What the task asks
Word for word, output every line of the material below, minus pictures.

Source data
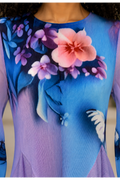 NY0069 BUTTERFLY PLEATED CRINKLE MAXI DRESS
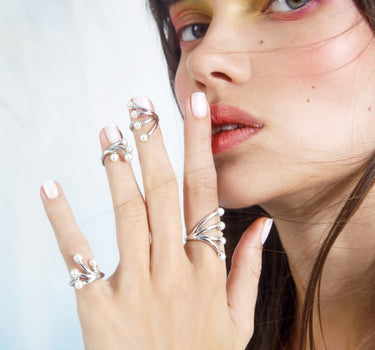 conjunto de joyas de boda de perlas en plata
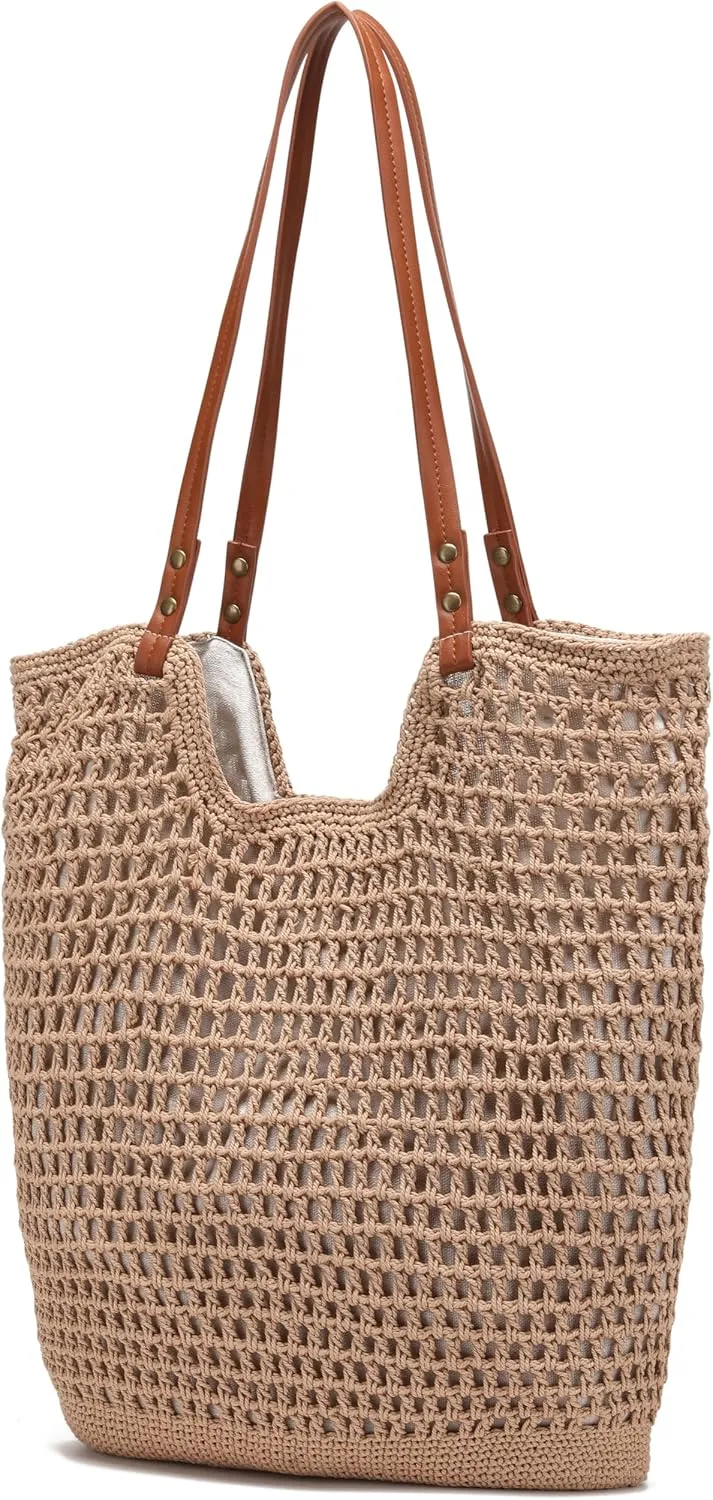 lola mae Crochet Shoulder Bag Knitted Crossbody Beach Purse Woven Cotton handbag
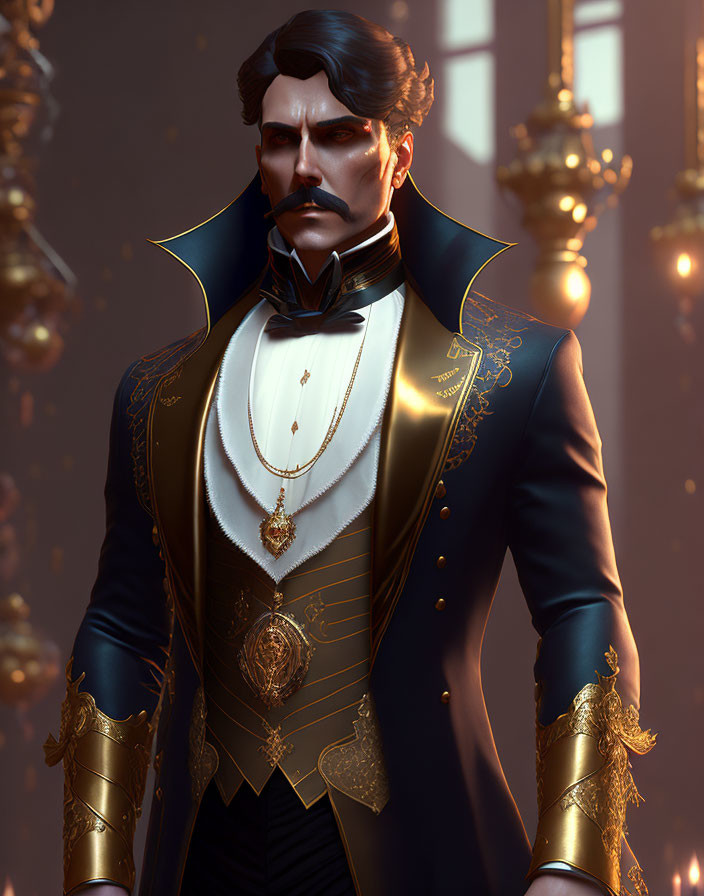 Regal man with mustache in Victorian attire and gold accents on dimly lit backdrop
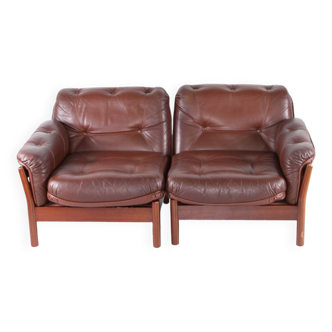 Modular leather sofa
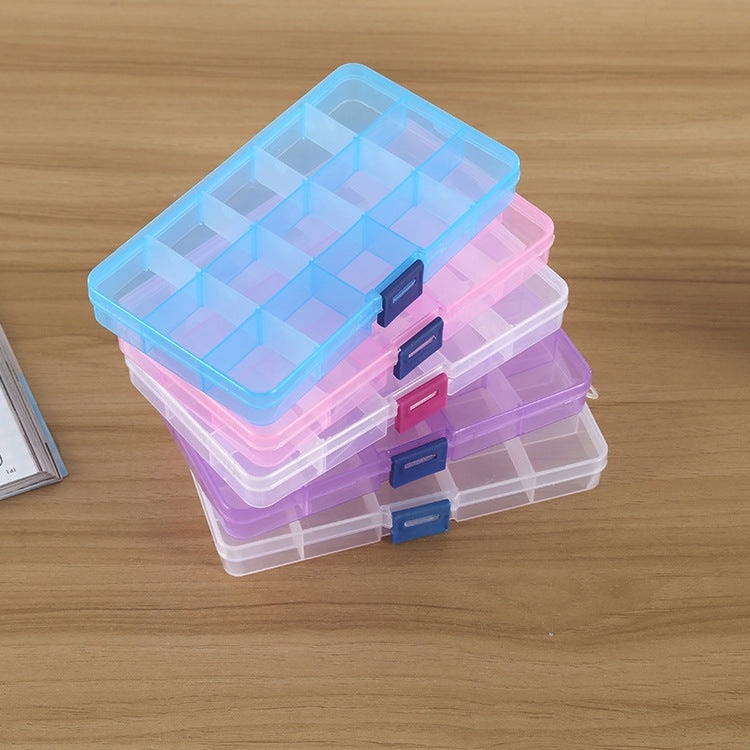 Removable Grid Plastic 15 Slots Box Organizer for Jewelry Earring Fishing Hook Small Accessories, 15 Slots (Purple+Blue), 15 Slots (Baby Blue+Blue), 15 Slots (White+Blue), 15 Slots (White+Pink)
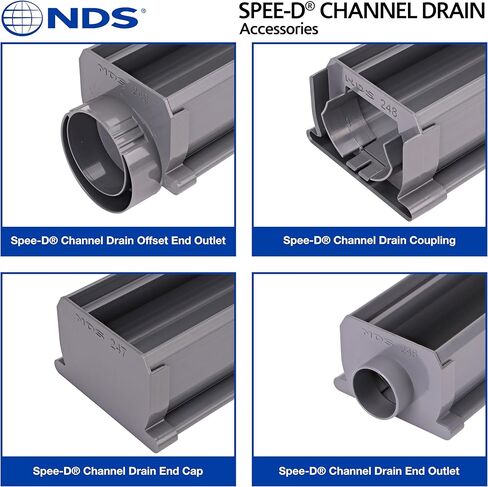 NDS 248 Spee-D وصلة تصريف القنوات NDS Spee-D تربط مصارف القنوات والمرفقين والمحملات والصلبان والمنافذ، عبوة واحدة، رمادي in Kuwait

Answer to this problem
 NY0069 BUTTERFLY PLEATED CRINKLE MAXI DRESS
 conjunto de joyas de boda de perlas en plata
 lola mae Crochet Shoulder Bag Knitted Crossbody Beach Purse Woven Cotton handbag
 Regal man with mustache in Victorian attire and gold accents on dimly lit backdrop
 Modular leather sofa
 Removable Grid Plastic 15 Slots Box Organizer for Jewelry Earring Fishing Hook Small Accessories, 15 Slots (Purple+Blue), 15 Slots (Baby Blue+Blue), 15 Slots (White+Blue), 15 Slots (White+Pink)
 NDS 248 Spee-D وصلة تصريف القنوات NDS Spee-D تربط مصارف القنوات والمرفقين والمحملات والصلبان والمنافذ، عبوة واحدة، رمادي in Kuwait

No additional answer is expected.